» What the task requires:
Don't include any picture when you restate the data word for word.

» Information provided:
┏━━

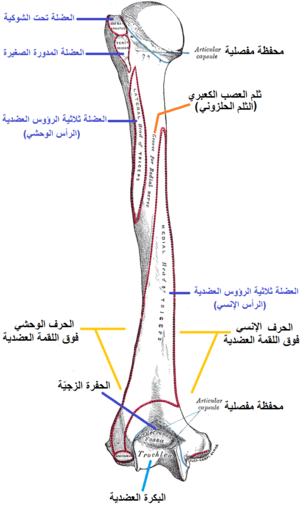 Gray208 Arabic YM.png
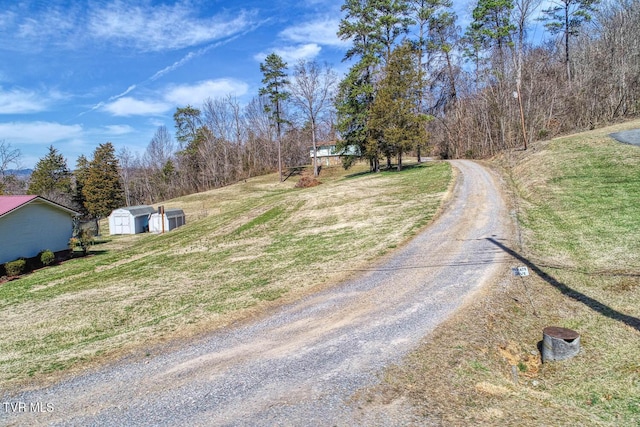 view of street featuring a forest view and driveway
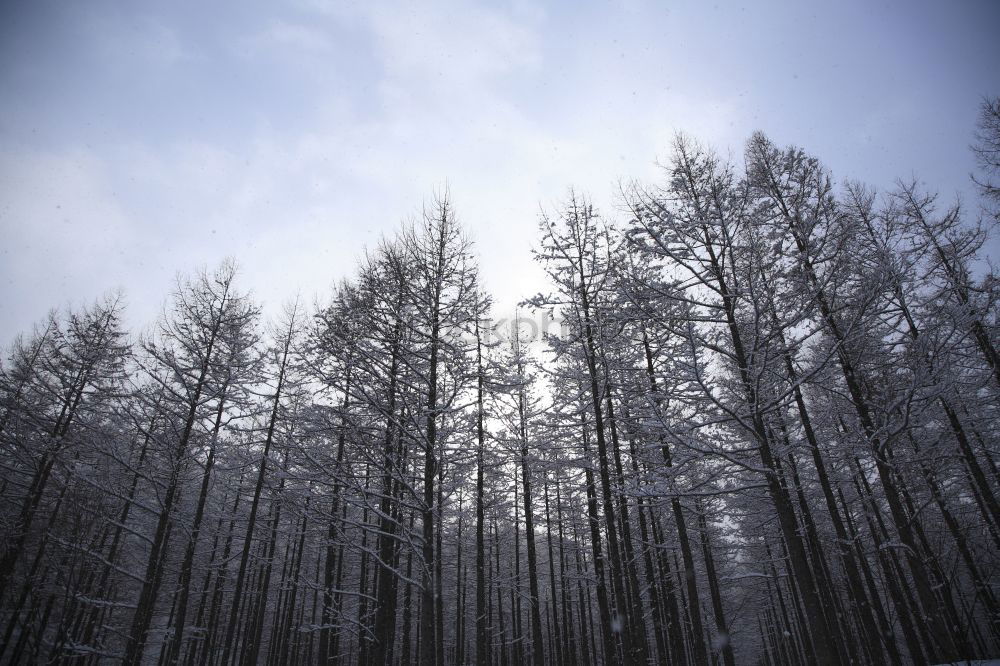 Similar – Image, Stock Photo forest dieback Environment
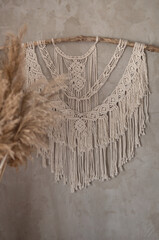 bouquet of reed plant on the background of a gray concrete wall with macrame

┗━━

» Answer:
 Gray208 Arabic YM.png
 view of street featuring a forest view and driveway
 Similar – Image, Stock Photo forest dieback Environment
 bouquet of reed plant on the background of a gray concrete wall with macrame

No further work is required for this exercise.